Segment Start: Extracted records

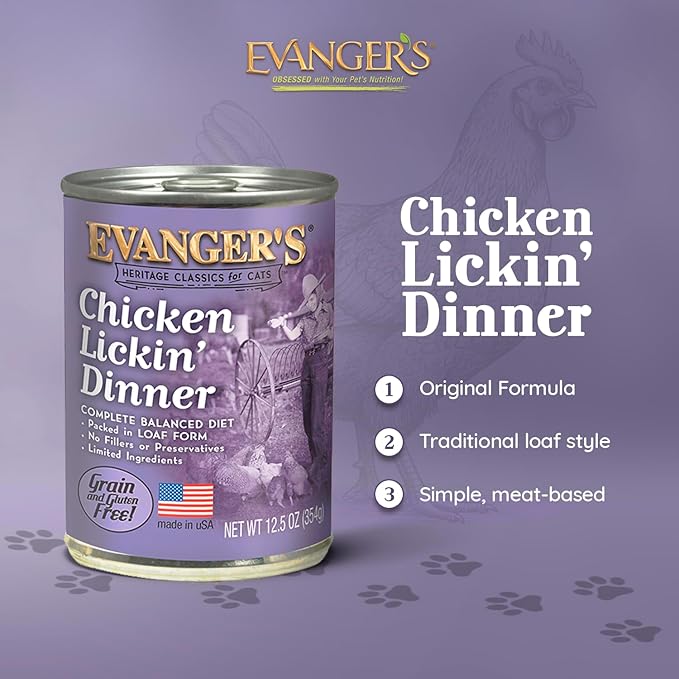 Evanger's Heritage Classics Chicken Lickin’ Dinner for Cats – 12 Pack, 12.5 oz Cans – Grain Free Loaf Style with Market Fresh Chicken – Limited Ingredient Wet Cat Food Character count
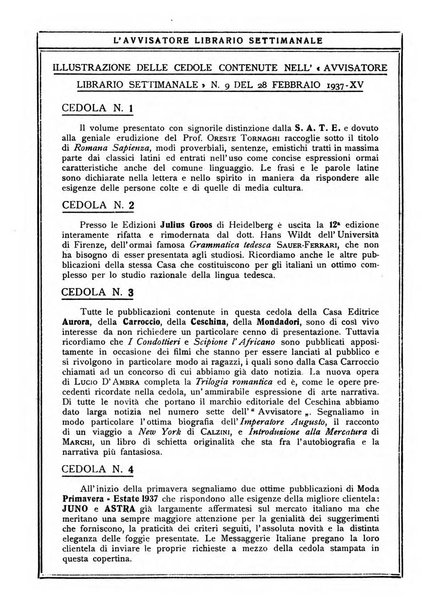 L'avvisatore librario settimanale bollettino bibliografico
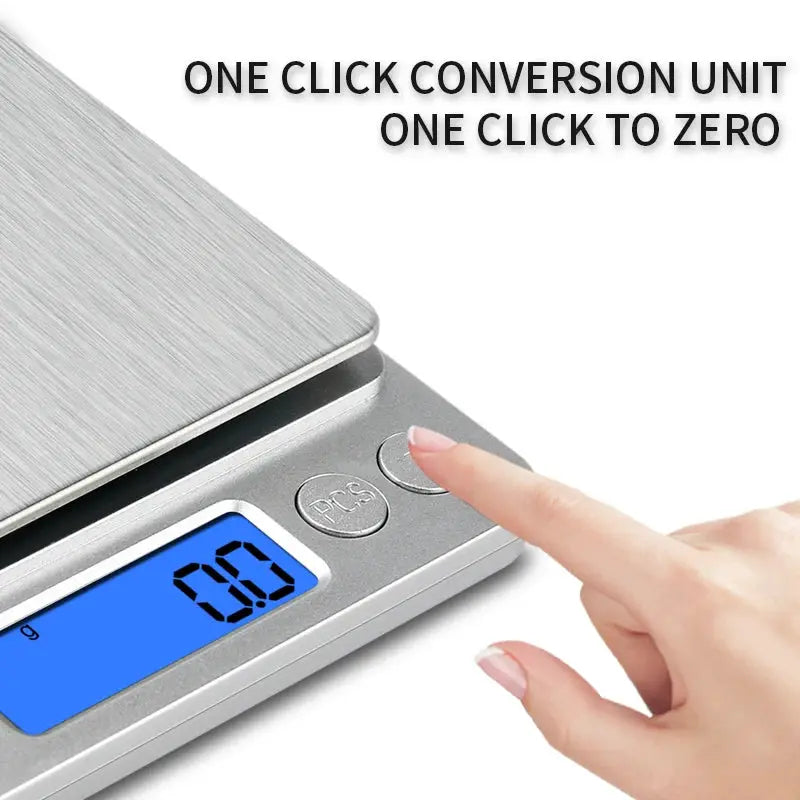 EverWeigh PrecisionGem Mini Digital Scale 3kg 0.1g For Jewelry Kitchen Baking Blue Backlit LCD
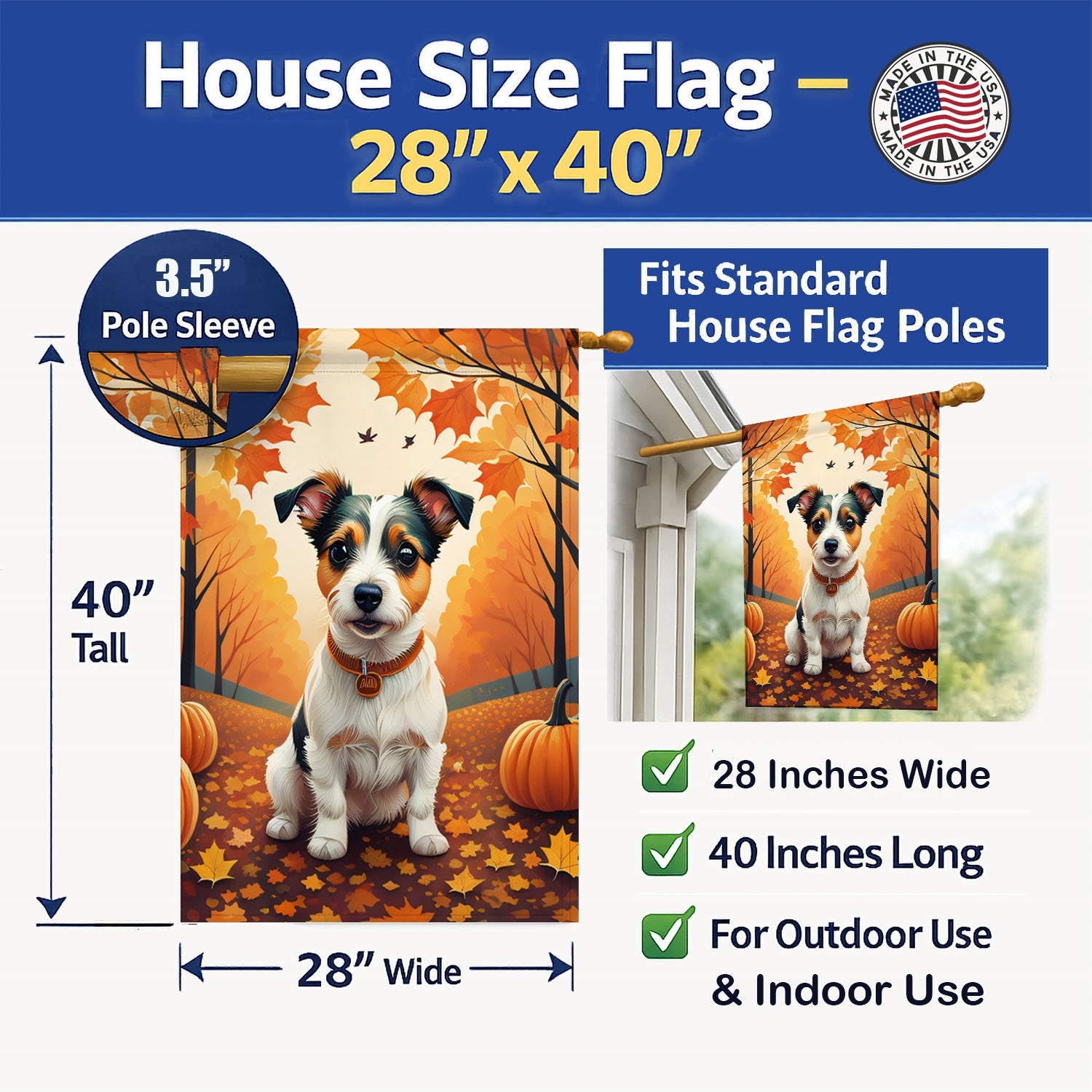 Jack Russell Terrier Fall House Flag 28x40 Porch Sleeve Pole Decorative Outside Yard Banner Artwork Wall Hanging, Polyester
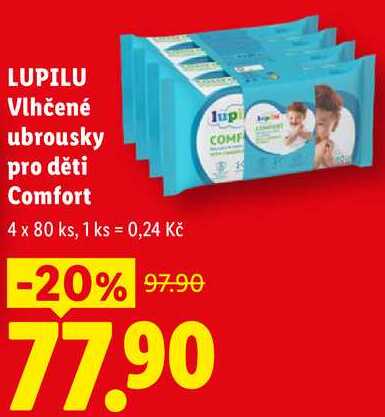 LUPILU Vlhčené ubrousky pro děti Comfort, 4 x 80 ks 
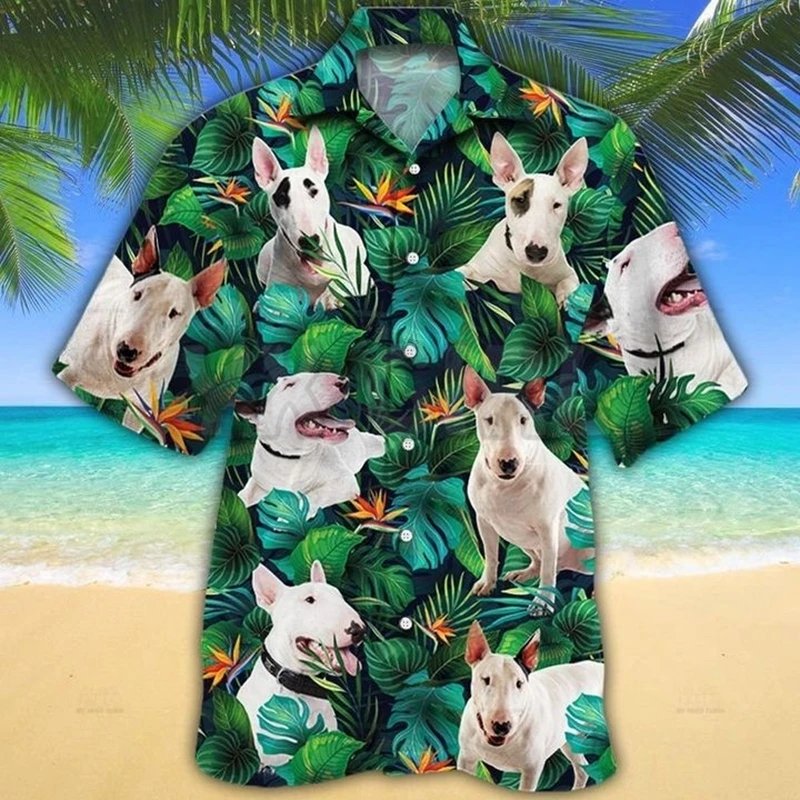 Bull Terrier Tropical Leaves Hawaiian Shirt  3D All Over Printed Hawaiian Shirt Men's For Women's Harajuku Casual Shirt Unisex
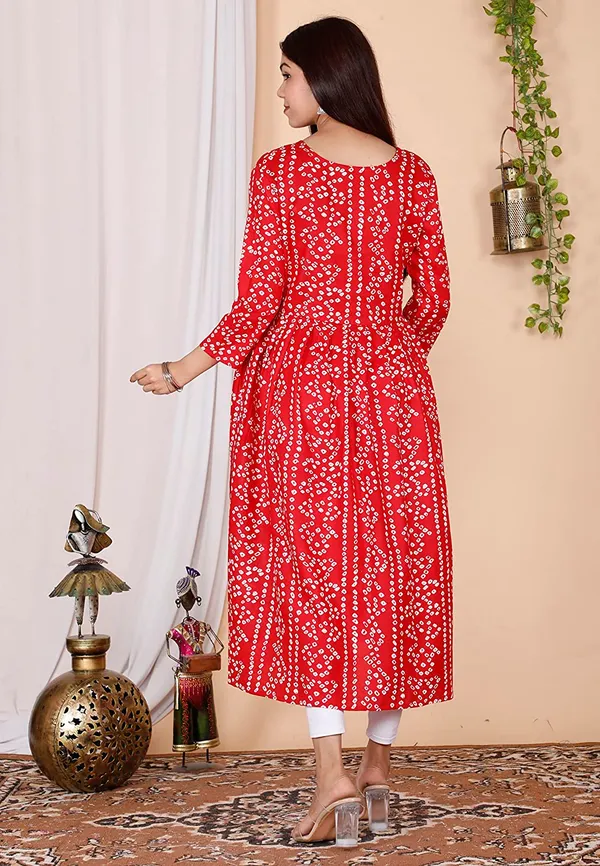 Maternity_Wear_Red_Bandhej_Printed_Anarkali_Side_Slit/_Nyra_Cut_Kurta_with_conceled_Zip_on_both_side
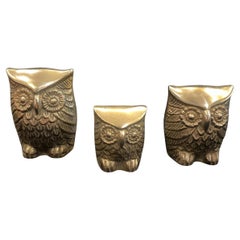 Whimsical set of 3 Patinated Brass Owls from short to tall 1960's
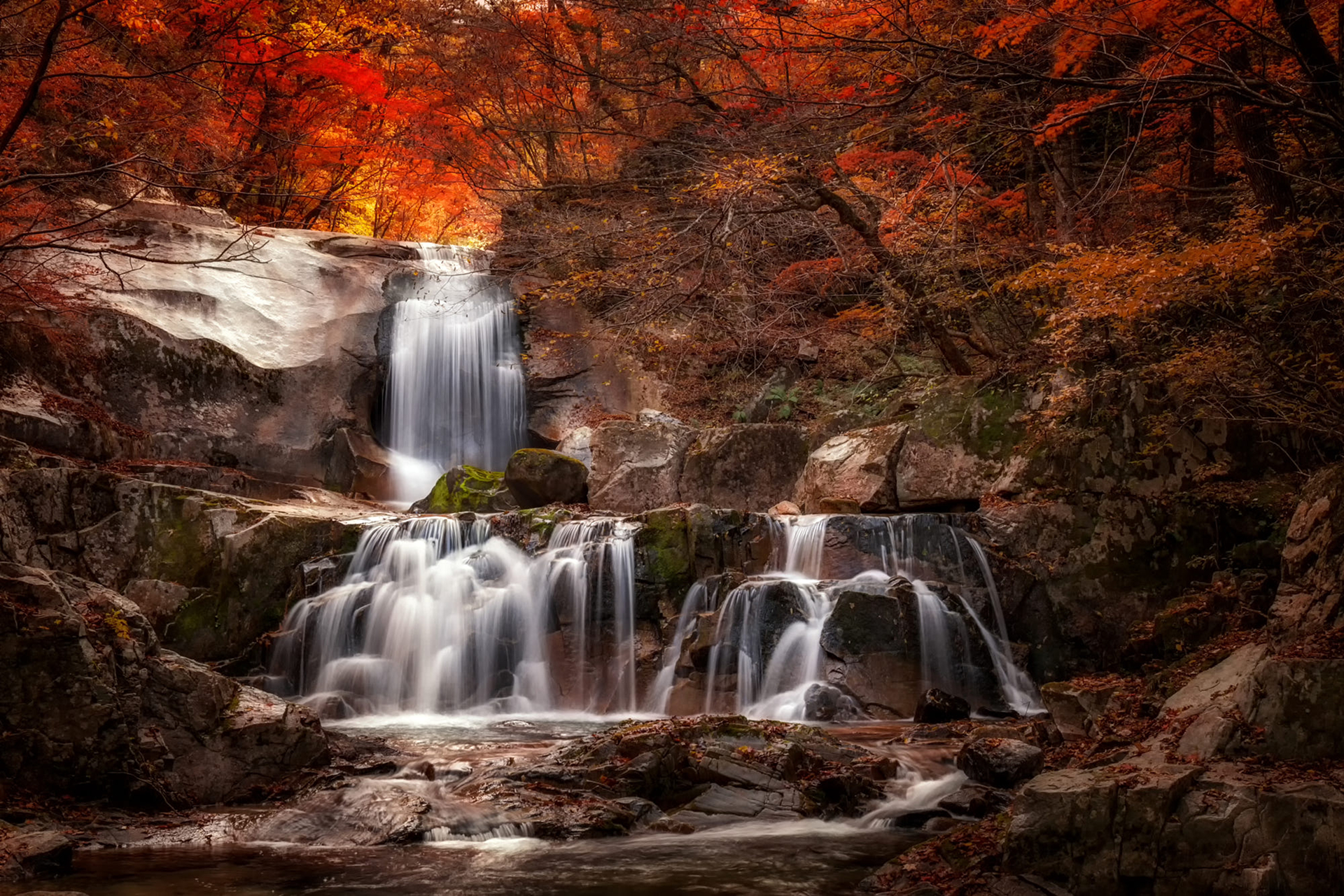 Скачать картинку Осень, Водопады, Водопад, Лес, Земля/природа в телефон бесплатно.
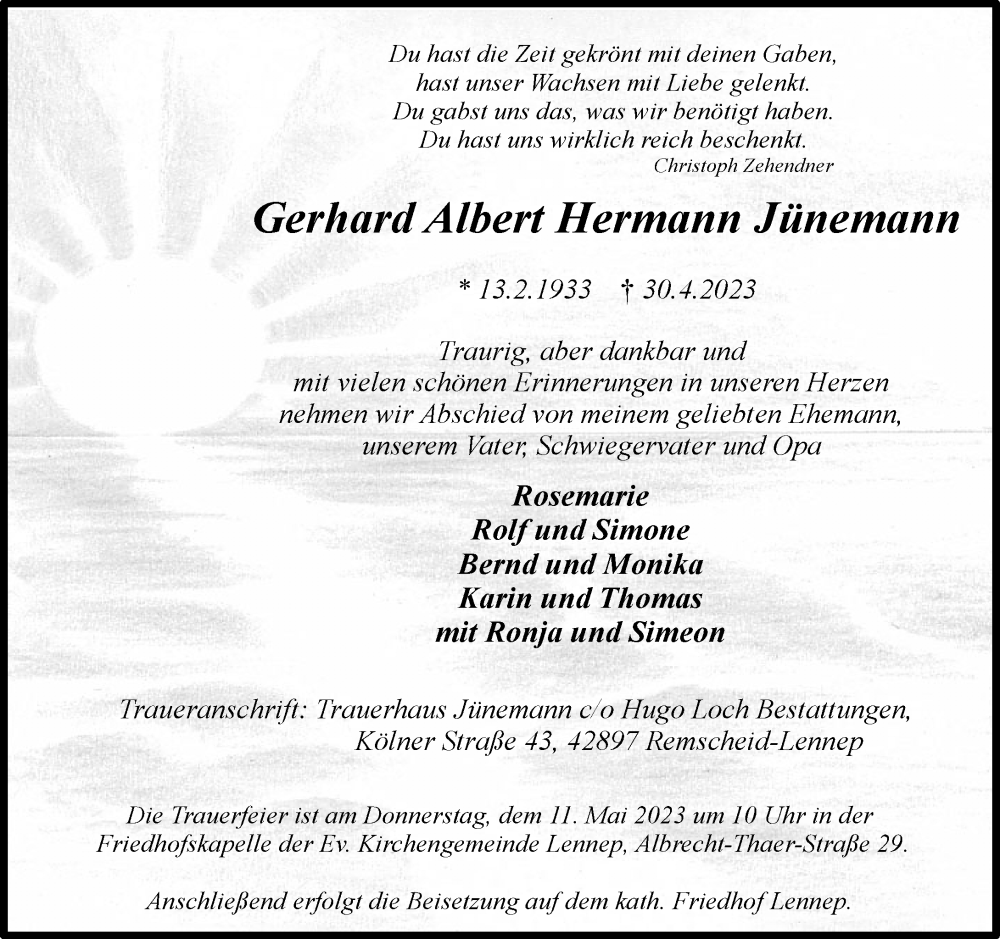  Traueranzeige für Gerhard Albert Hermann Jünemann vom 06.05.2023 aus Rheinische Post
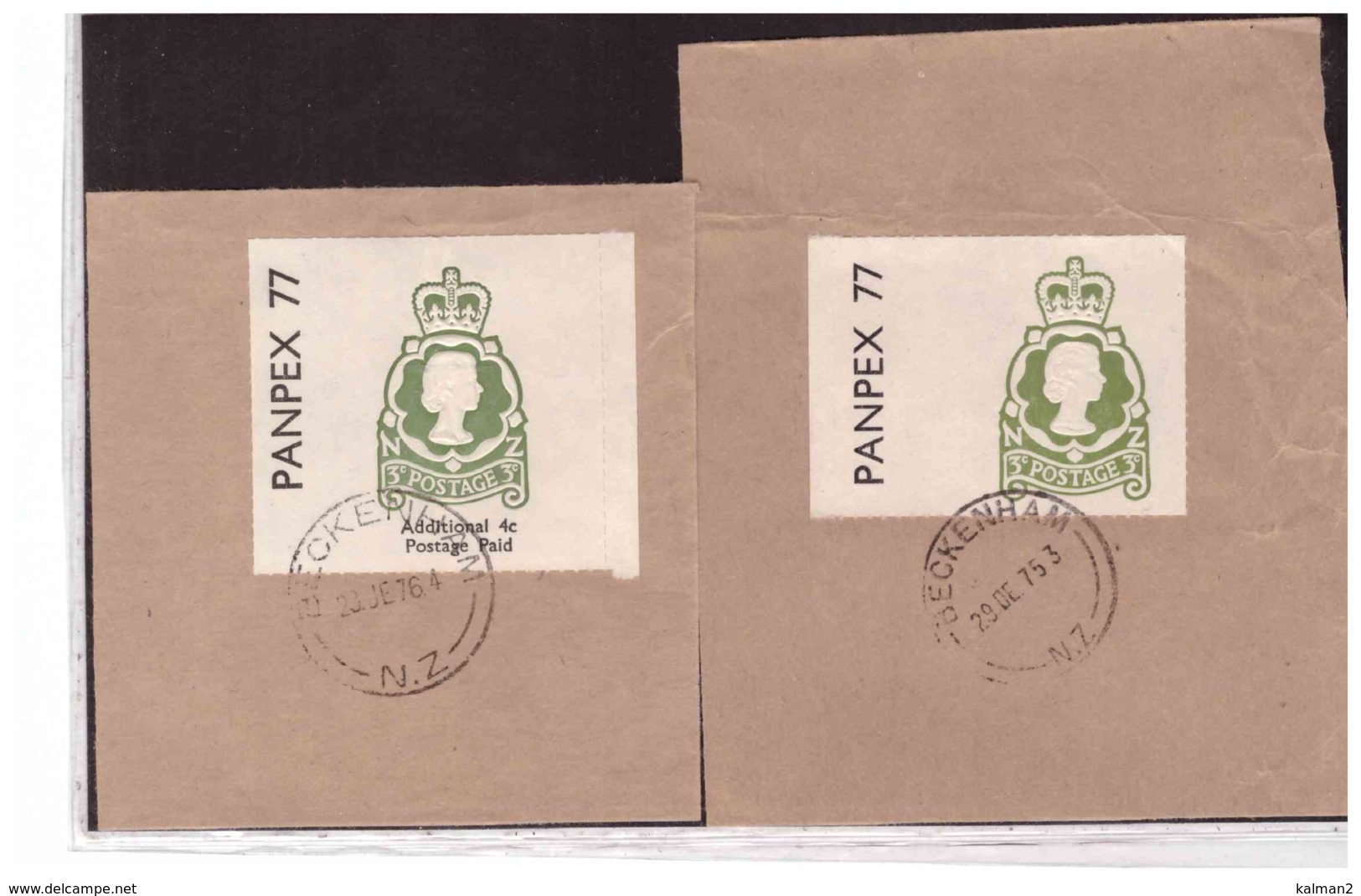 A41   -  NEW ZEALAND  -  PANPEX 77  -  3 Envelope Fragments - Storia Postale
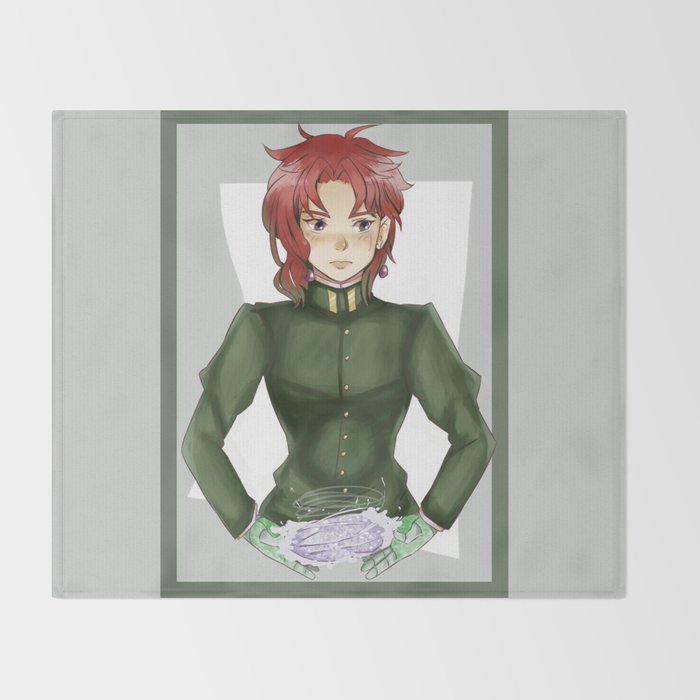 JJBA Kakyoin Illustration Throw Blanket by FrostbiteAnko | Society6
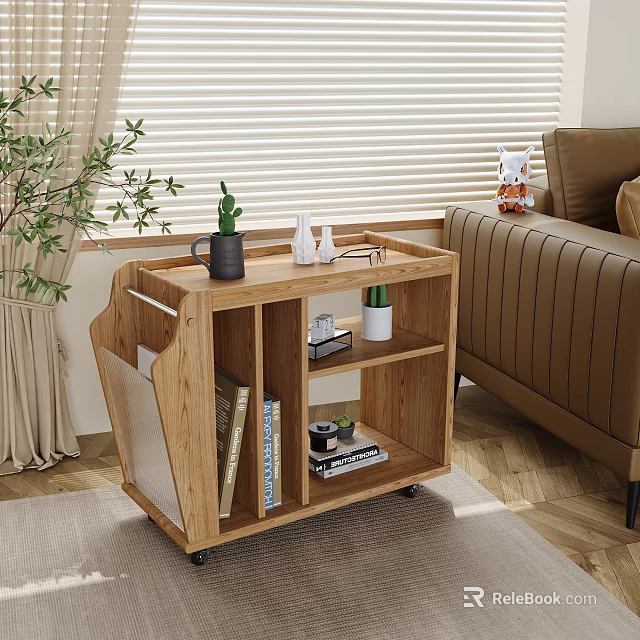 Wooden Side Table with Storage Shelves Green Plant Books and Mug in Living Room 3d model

Segment End: Extracted records

## Brief
Return the entries verbatim, pictures excluded.

## Task response
 Evanger's Heritage Classics Chicken Lickin’ Dinner for Cats – 12 Pack, 12.5 oz Cans – Grain Free Loaf Style with Market Fresh Chicken – Limited Ingredient Wet Cat Food Character count
 L'avvisatore librario settimanale bollettino bibliografico
 EverWeigh PrecisionGem Mini Digital Scale 3kg 0.1g For Jewelry Kitchen Baking Blue Backlit LCD
 Jack Russell Terrier Fall House Flag 28x40 Porch Sleeve Pole Decorative Outside Yard Banner Artwork Wall Hanging, Polyester
 LUPILU Vlhčené ubrousky pro děti Comfort, 4 x 80 ks 
 Bull Terrier Tropical Leaves Hawaiian Shirt  3D All Over Printed Hawaiian Shirt Men's For Women's Harajuku Casual Shirt Unisex
 Maternity_Wear_Red_Bandhej_Printed_Anarkali_Side_Slit/_Nyra_Cut_Kurta_with_conceled_Zip_on_both_side
 Whimsical set of 3 Patinated Brass Owls from short to tall 1960's
 Скачать картинку Осень, Водопады, Водопад, Лес, Земля/природа в телефон бесплатно.
  Traueranzeige für Gerhard Albert Hermann Jünemann vom 06.05.2023 aus Rheinische Post
 A41   -  NEW ZEALAND  -  PANPEX 77  -  3 Envelope Fragments - Storia Postale
 JJBA Kakyoin Illustration Throw Blanket by FrostbiteAnko | Society6
 Wooden Side Table with Storage Shelves Green Plant Books and Mug in Living Room 3d model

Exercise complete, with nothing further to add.